A healthy diet is high in vegetables and fruits, whole grains, low-fat and nonfat diary, seafood and legumes and nuts, according to the committee’s scientific report. It’s moderate in alcohol (for adults). It’s lower in red and processed meats. It’s low in sugar-sweetened foods and drinks and refined grains.


It’s not just about reducing certain foods, according to the committee, but also shifting to healthier options, like replacing saturated fats with polyunsaturated fatty acids.


Kristin Kirkpatrick, manager of wellness nutrition services at the Cleveland Clinic Wellness Institute, says the guidelines have a major influence, and the recommendations are backed by a “tremendous” amount of research.


The impact of new guidelines is widespread: School lunch standards change. Nutrition labels reflect revised daily values. In addition, experts say, the recommendations raise pressure on food manufacturers, restaurants, stadiums, arenas and other food vendors to put out healthier products.


What’s ‘In’ for 2015


Vegetables and fruits. This was the only category identified as beneficial across all health outcomes, Greger says. “For heart disease, certain foods are good; for diabetes, certain foods are good; for hypertension, certain foods are good,” he says. Fruits and veggies help prevent all of these, and there’s no limit as to how much you should eat.


Whole grains. The committee identified “shortfall nutrients” lacking in the American diet. Among these, calcium, vitamin D, fiber and potassium rated as public health concerns, because eating too little is tied to “adverse health outcomes.” Whole grains are a good source of fiber, vitamins and minerals.

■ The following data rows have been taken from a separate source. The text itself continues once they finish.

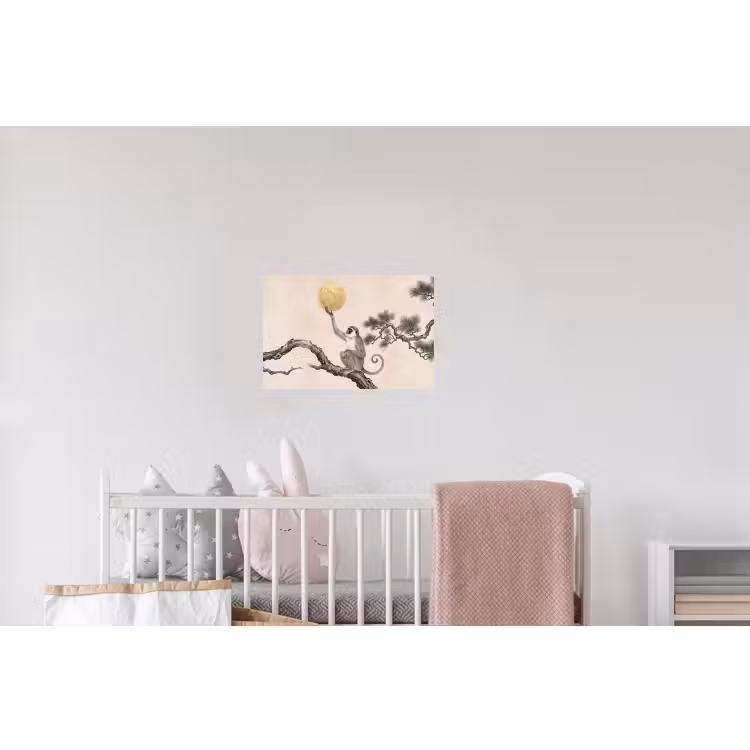 Aap - Maan - Goud Muursticker klein -kinderkamer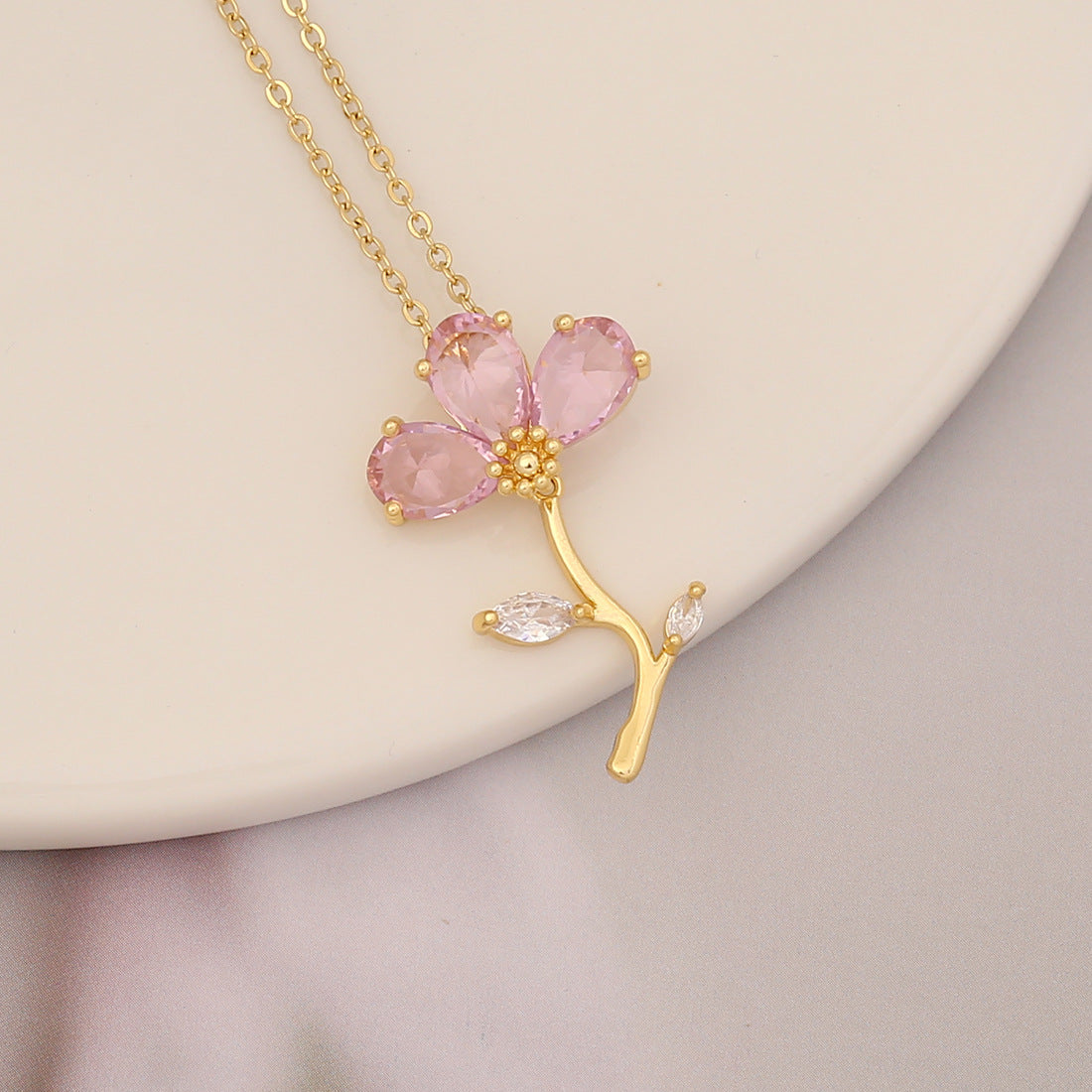 Necklaces Copper Zircon Stainless Steel Pink Butterfly Heart BingM024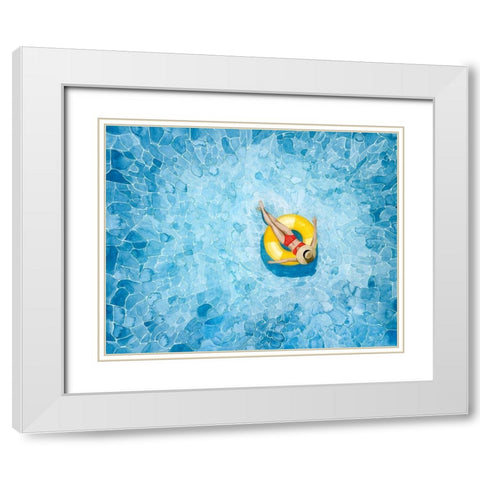 Floating II White Modern Wood Framed Art Print with Double Matting by Popp, Grace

Dairy. Because it provides calcium among other nutrients, dairy is a recommended part of the American diet. However, Greger is concerned about what type of dairy people select. While skim milk and low-fat dairy are healthy choices, he says, the industry will also continue churning out fat-heavy products such as butter and ice cream.


Honorable Mentions


Coffee. The committee found “strong evidence” that moderate coffee consumption – three to five cups daily – does not pose a long-term health risk. Instead, it’s associated with a reduced risk of Type 2 diabetes and cardiovascular disease, according to the report, with a possible protective association for Parkinson’s disease risk.


“Coffee’s probably the greatest amount of antioxidants we get globally,” Kirkpatrick says. “Not everyone eats broccoli, but almost everyone drinks coffee.” But you have to watch what you put in your coffee – sugar and cream don’t make the cut, Greger notes.


Eggs and shellfish. While high in cholesterol, eggs and shellfish are low in saturated fat. In itself, cholesterol in food doesn’t appear to raise blood cholesterol levels. However, saturated and trans fats do contribute to high blood cholesterol, which is bad for heart health.


Kirkpatrick applauds the vindication of the egg. She continues to recommend eggs as an inexpensive, low-calorie source of antioxidants, protein and nutrients, including choline – which may have inflammation-lowering and memory-improving benefits.